Sunday, 10 May 2020

Dark Obsession

David Kelsey has everything going for him. He has a great job as an engineer and is admired by his colleagues. He has purchased and fitted out a lovely home and is planning his marriage to his beloved Annabelle. He just has one problem, which he refers to as 'the Situation'. 

The Situation David has to fix is that Annabelle is not yet his. Despite his letters and calls, in which David confesses his love for her, Annabelle is married to another and does not share his affection. This does not stop David from imagining their life together. Indeed, on weekends when he returns to their home, he pours two martinis and imagines her there with him. 

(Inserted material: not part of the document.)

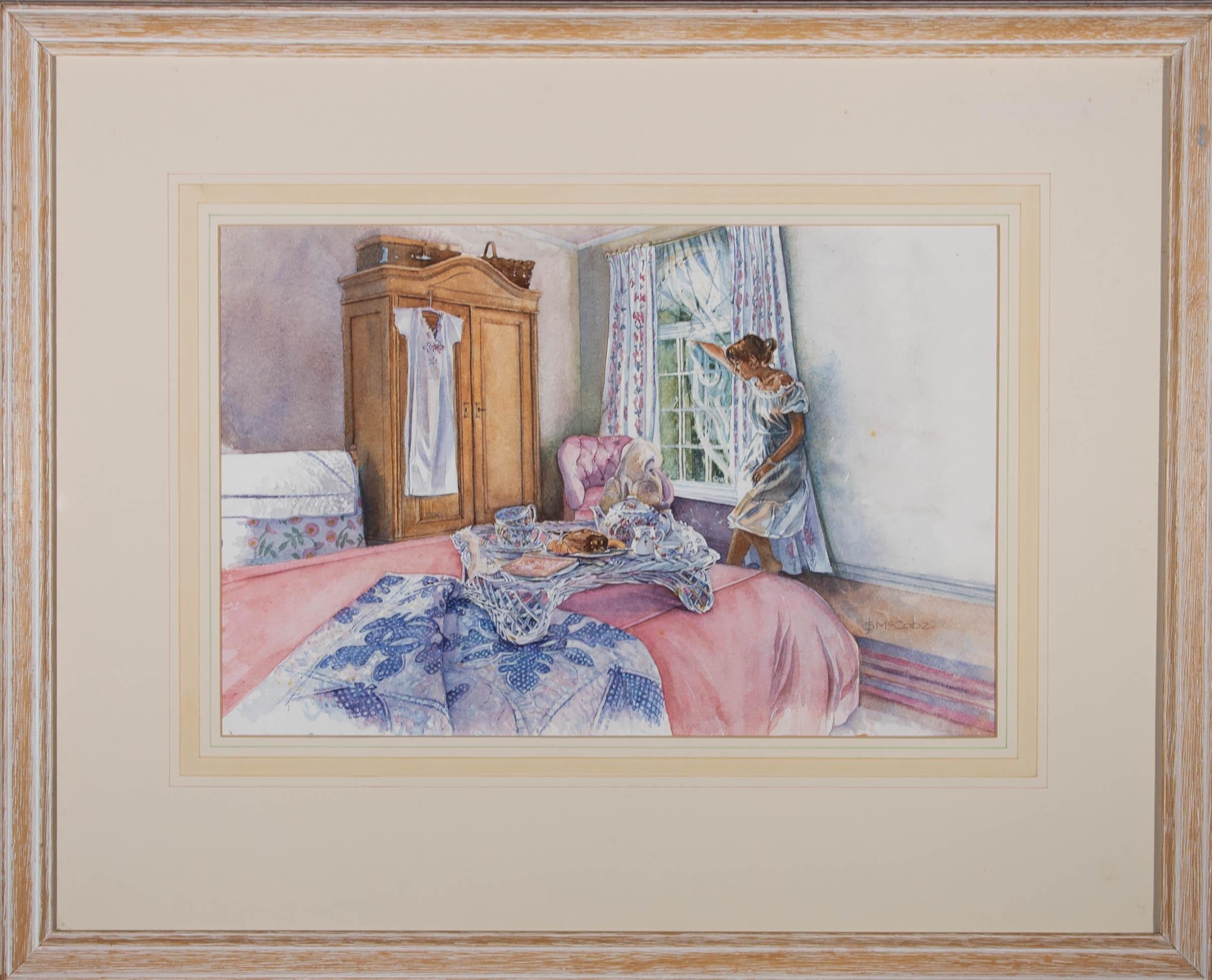 A charmingly intimate interior scene showing a woman in her bedroom with a breakfast on a wicker tray on her bed. The artist has signed to the lower right corner and the painting has been presented in a lime washed pine frame. There is a label at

In This Sweet Sickness (1960) Patricia Highsmith's psychological thriller, she has created a fascinating character in David. Readers begin by empathising with him, feeling as though he has a crush that he will get over. But as the novel progresses you realise how deeply disturbed he is and how he has crafted the identity of his alter-ego, William Neumeister, to be all the things he is not as his mind unravels. 

Of course it wouldn't be a Highsmith novel without a crime and David seems to get away with his, taking increasing risks and telling more lies until he cannot seperate fact from fiction. One has to feel for the women in David's life: Annabelle tries to let him down gently and encourage him to direct his affections to Effie, a local girl who is interested in him. David's obsession becomes more irrational and creepy as the novel progresses.

I really enjoyed this book. If I had one quibble it would be that it peaked too soon with the crime which exposes David/William's double life and loses a bit of momentum before the rapid-pace of the final chapters. But ultimately this is a fascinating character study which gets under the reader's skin.